Entries supplied:
────────────────────
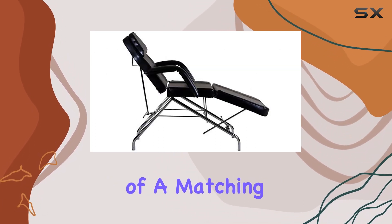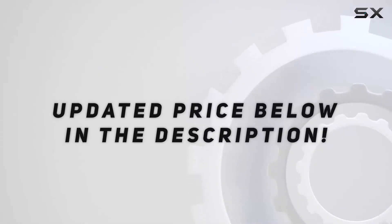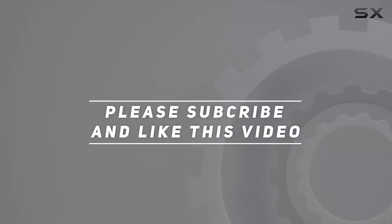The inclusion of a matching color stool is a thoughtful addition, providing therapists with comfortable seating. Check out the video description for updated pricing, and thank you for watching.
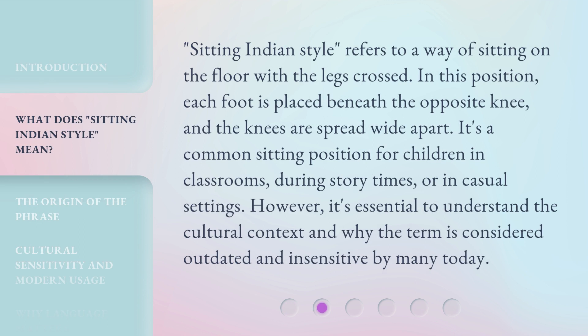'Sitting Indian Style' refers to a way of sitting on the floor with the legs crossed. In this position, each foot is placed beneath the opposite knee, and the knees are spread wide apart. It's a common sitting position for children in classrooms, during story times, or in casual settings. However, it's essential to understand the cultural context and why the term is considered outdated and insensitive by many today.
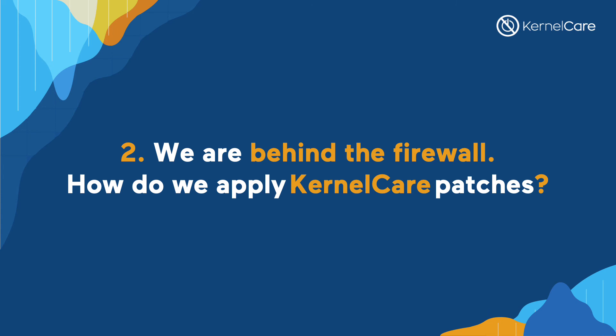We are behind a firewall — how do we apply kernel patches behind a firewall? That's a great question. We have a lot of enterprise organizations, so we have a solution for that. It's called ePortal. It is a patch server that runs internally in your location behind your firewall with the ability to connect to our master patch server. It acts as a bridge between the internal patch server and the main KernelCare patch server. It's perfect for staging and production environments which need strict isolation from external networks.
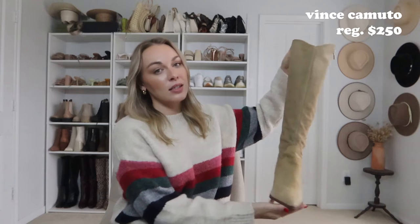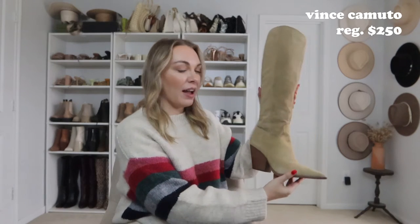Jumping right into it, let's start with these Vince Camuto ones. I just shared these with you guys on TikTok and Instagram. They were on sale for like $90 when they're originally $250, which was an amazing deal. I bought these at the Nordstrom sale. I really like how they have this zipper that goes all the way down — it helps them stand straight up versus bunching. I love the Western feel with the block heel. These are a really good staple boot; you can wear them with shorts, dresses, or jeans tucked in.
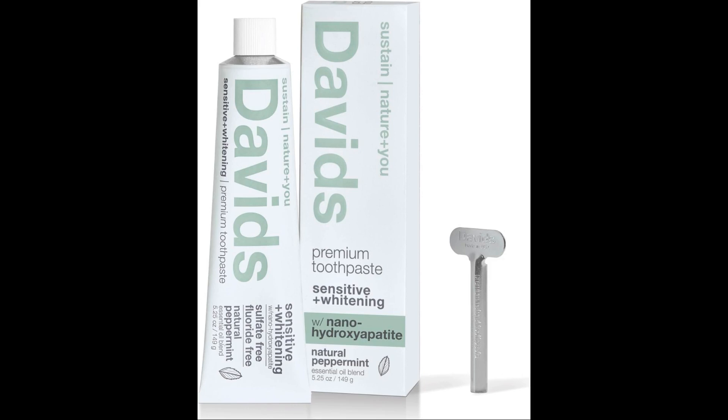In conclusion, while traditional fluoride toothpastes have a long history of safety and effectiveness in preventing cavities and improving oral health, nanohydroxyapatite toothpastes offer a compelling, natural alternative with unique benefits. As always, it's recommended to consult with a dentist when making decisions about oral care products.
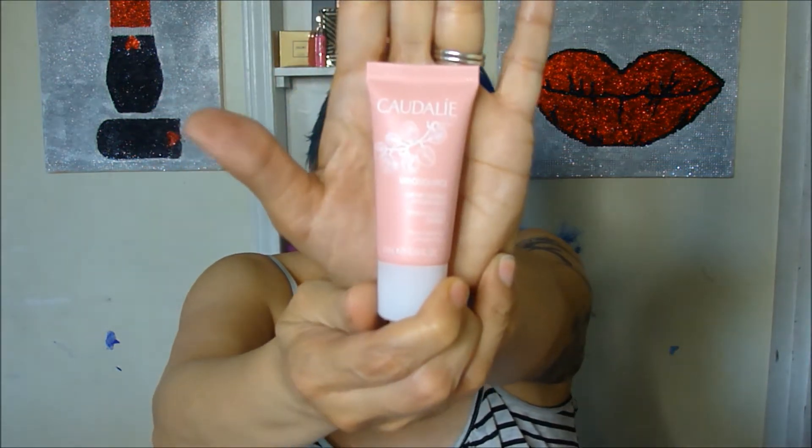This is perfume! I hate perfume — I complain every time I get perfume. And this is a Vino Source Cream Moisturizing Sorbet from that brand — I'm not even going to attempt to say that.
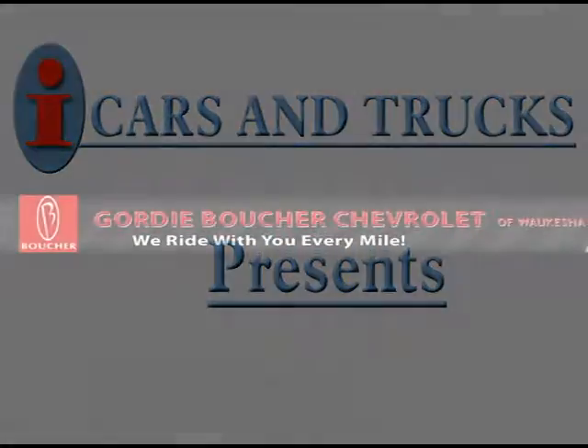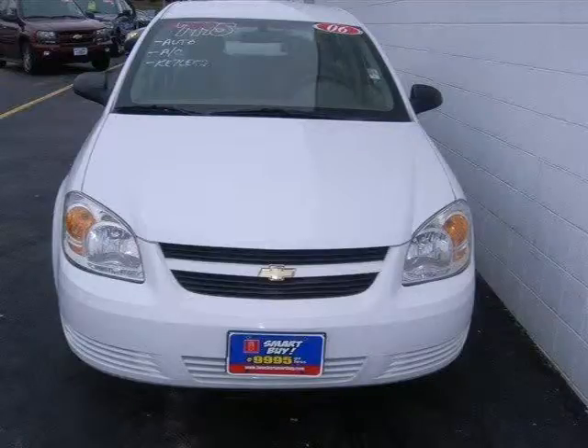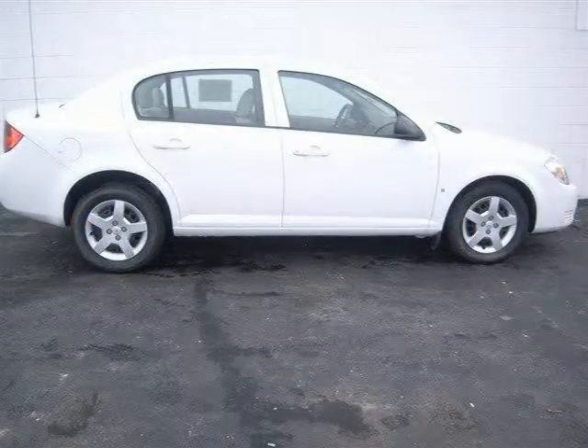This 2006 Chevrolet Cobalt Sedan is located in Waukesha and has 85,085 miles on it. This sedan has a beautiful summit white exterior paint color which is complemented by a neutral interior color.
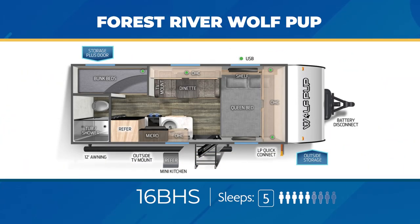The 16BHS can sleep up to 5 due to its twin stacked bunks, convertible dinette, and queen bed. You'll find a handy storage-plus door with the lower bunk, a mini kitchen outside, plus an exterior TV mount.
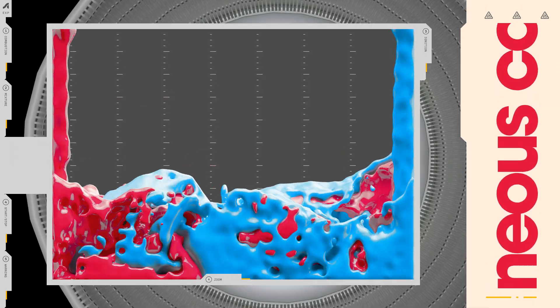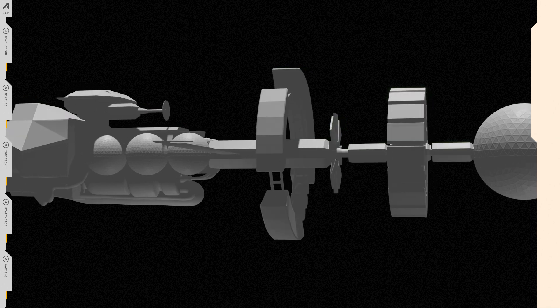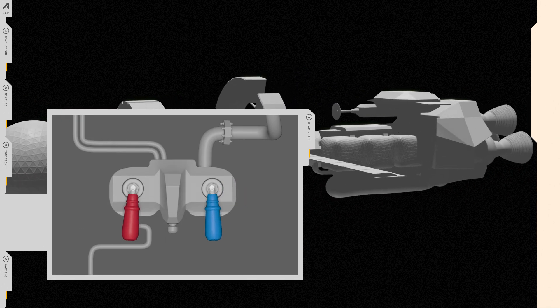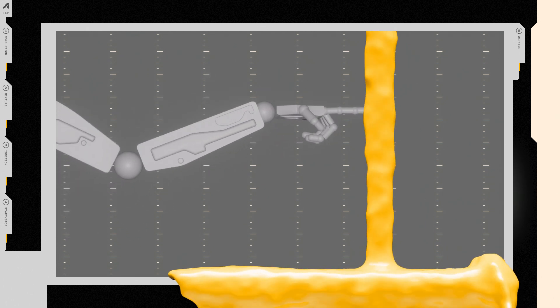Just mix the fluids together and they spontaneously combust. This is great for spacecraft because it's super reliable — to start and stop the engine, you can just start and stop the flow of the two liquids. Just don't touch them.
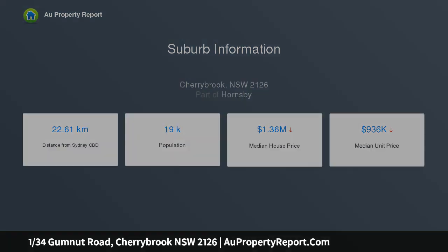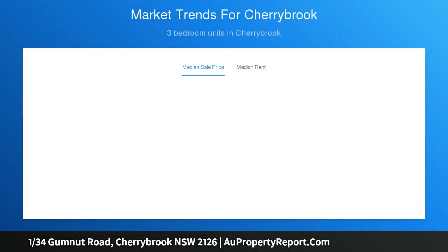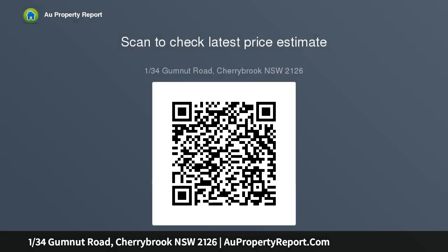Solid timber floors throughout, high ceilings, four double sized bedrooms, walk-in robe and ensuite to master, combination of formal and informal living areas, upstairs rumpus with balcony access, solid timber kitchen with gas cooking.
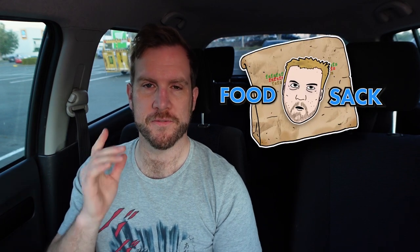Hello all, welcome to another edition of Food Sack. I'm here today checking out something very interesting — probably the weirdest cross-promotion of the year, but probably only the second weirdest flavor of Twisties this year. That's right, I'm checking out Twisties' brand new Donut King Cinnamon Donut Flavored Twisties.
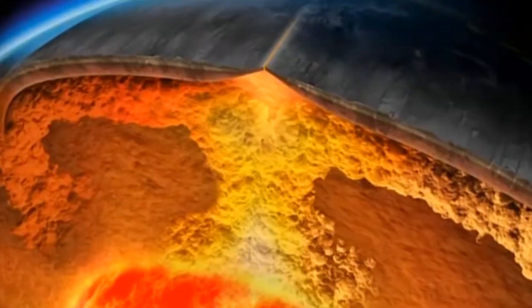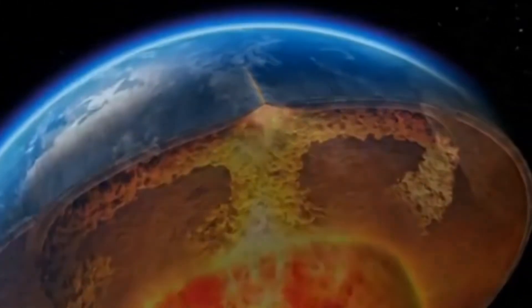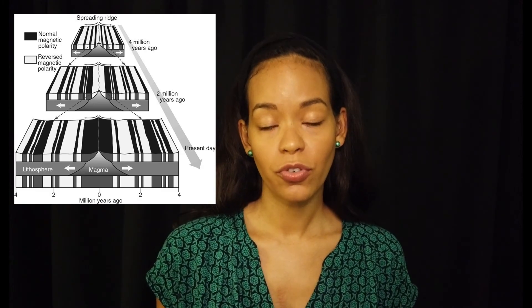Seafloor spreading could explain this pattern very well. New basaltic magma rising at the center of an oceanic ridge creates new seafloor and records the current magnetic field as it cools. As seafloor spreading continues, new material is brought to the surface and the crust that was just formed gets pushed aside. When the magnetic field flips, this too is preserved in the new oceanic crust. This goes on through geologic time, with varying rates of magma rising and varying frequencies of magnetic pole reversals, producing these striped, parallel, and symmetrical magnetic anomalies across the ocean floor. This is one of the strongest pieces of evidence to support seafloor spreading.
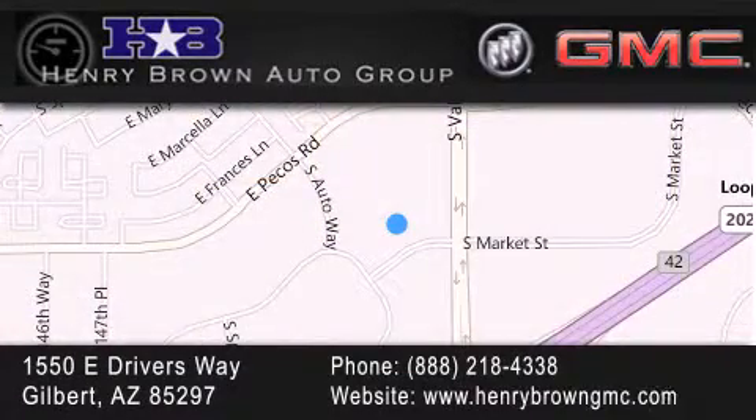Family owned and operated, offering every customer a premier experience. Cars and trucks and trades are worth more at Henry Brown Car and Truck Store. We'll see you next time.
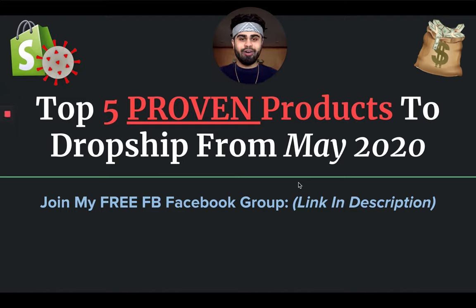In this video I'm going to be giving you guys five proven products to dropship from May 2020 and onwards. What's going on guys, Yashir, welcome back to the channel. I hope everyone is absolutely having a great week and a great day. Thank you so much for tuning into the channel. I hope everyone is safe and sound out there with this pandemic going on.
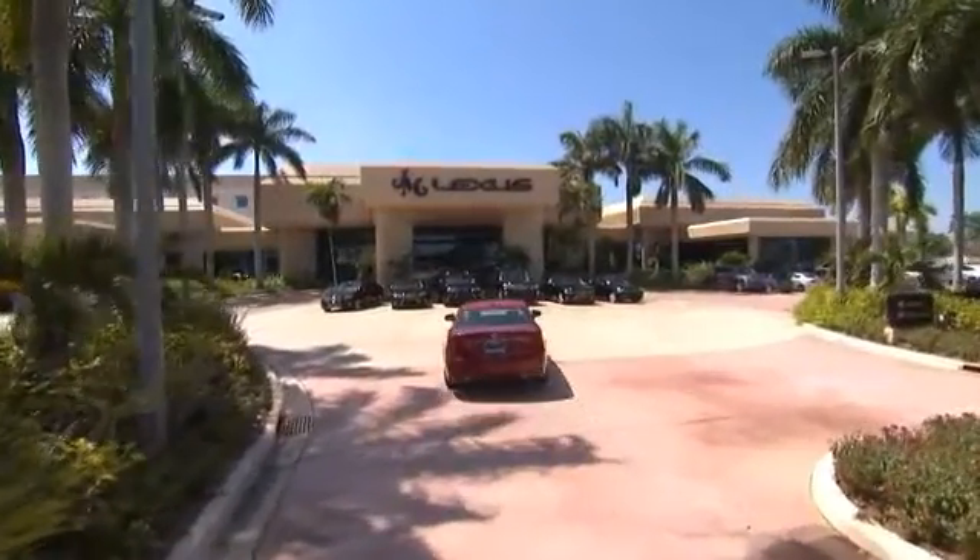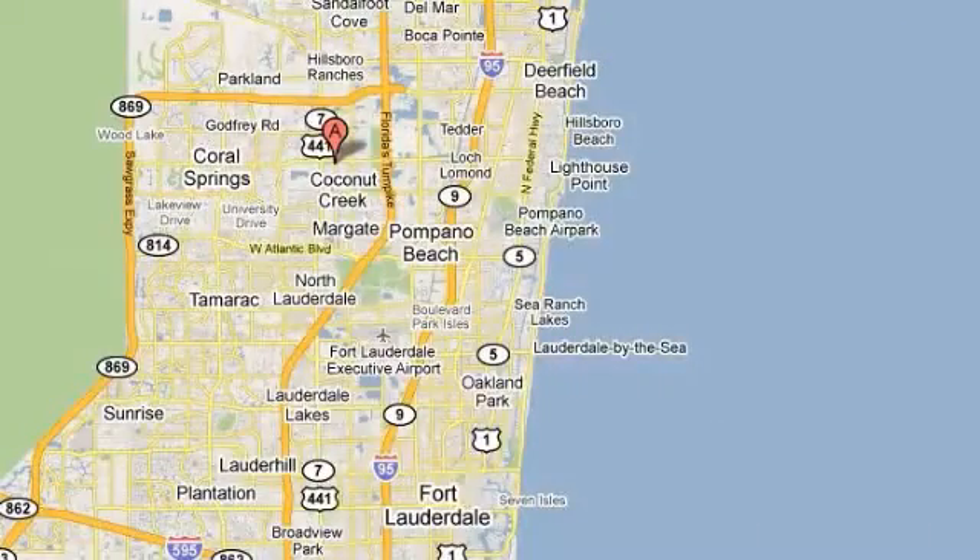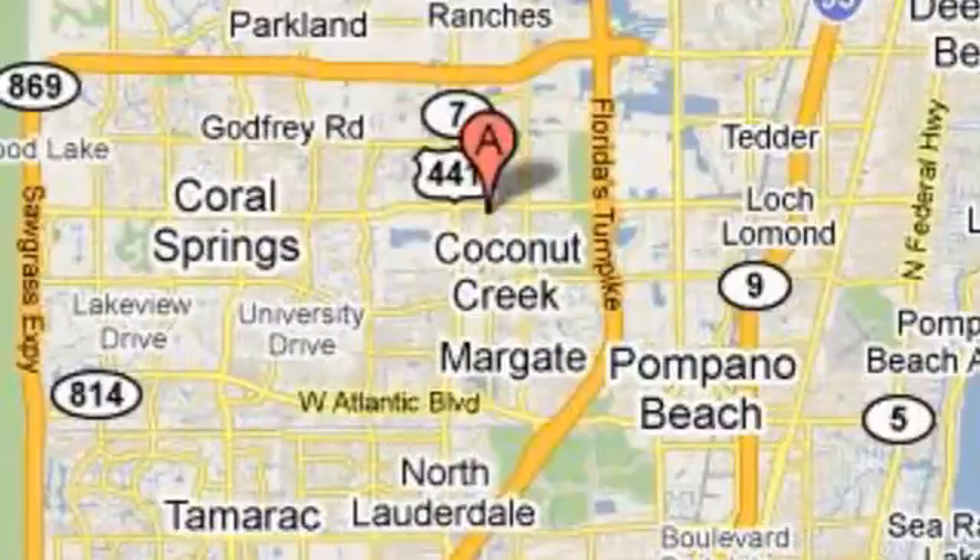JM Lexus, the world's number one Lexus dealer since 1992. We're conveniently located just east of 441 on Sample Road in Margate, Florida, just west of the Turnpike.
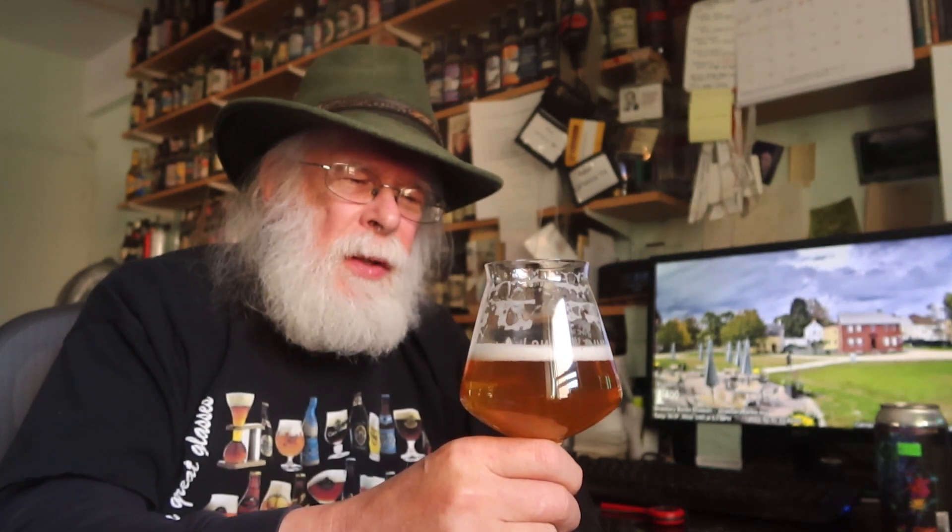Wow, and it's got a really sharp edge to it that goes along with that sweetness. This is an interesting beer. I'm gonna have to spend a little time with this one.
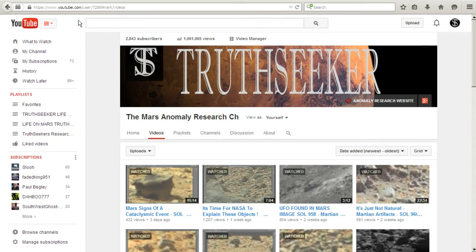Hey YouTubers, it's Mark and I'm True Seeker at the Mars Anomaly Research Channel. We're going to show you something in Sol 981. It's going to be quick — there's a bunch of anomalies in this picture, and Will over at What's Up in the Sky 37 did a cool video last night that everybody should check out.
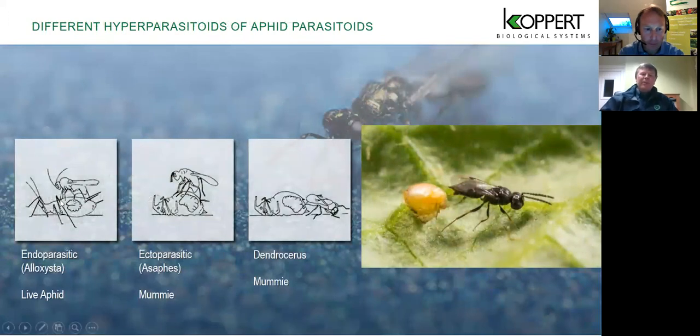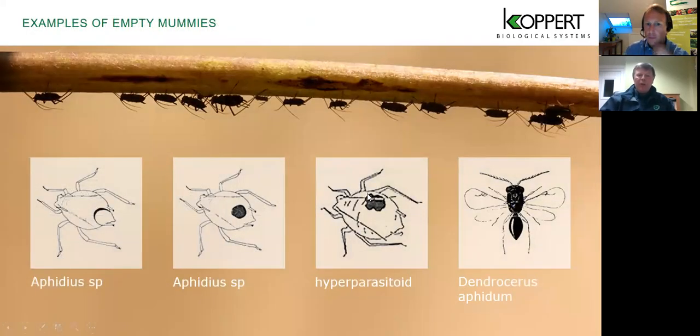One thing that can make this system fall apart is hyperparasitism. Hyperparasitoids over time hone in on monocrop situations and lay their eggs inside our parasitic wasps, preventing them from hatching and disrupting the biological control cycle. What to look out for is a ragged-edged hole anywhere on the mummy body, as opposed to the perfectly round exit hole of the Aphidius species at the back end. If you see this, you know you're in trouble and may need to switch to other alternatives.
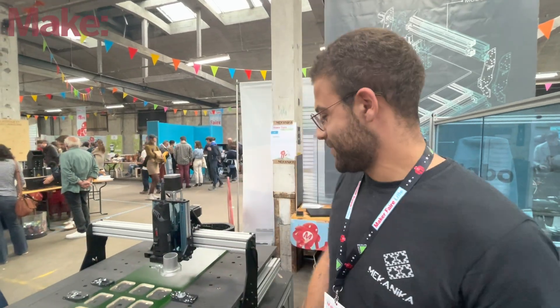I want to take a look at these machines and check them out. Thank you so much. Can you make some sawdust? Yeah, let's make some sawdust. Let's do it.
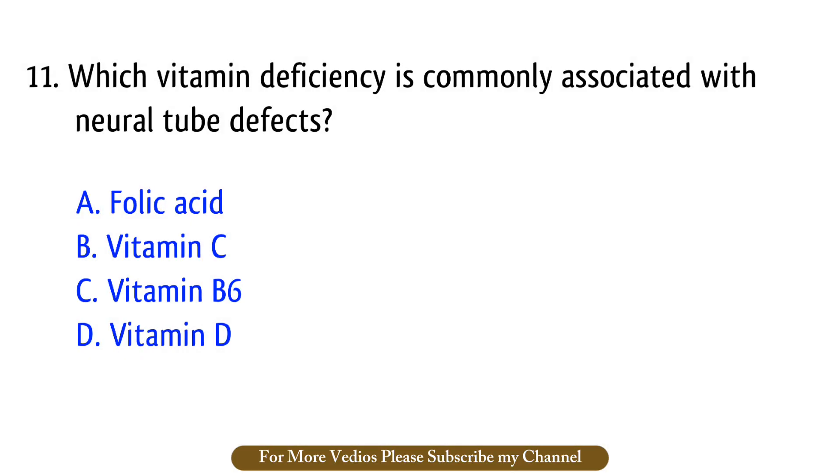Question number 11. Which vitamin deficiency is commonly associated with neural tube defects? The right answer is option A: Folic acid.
────────────────────
Reproduce nothing but the lines running from the line with "I want to take" through the end of the records, keeping both end lines and dropping the pictures.

I want to take a look at these machines and check them out. Thank you so much. Can you make some sawdust? Yeah, let's make some sawdust. Let's do it.
Question number 11. Which vitamin deficiency is commonly associated with neural tube defects? The right answer is option A: Folic acid.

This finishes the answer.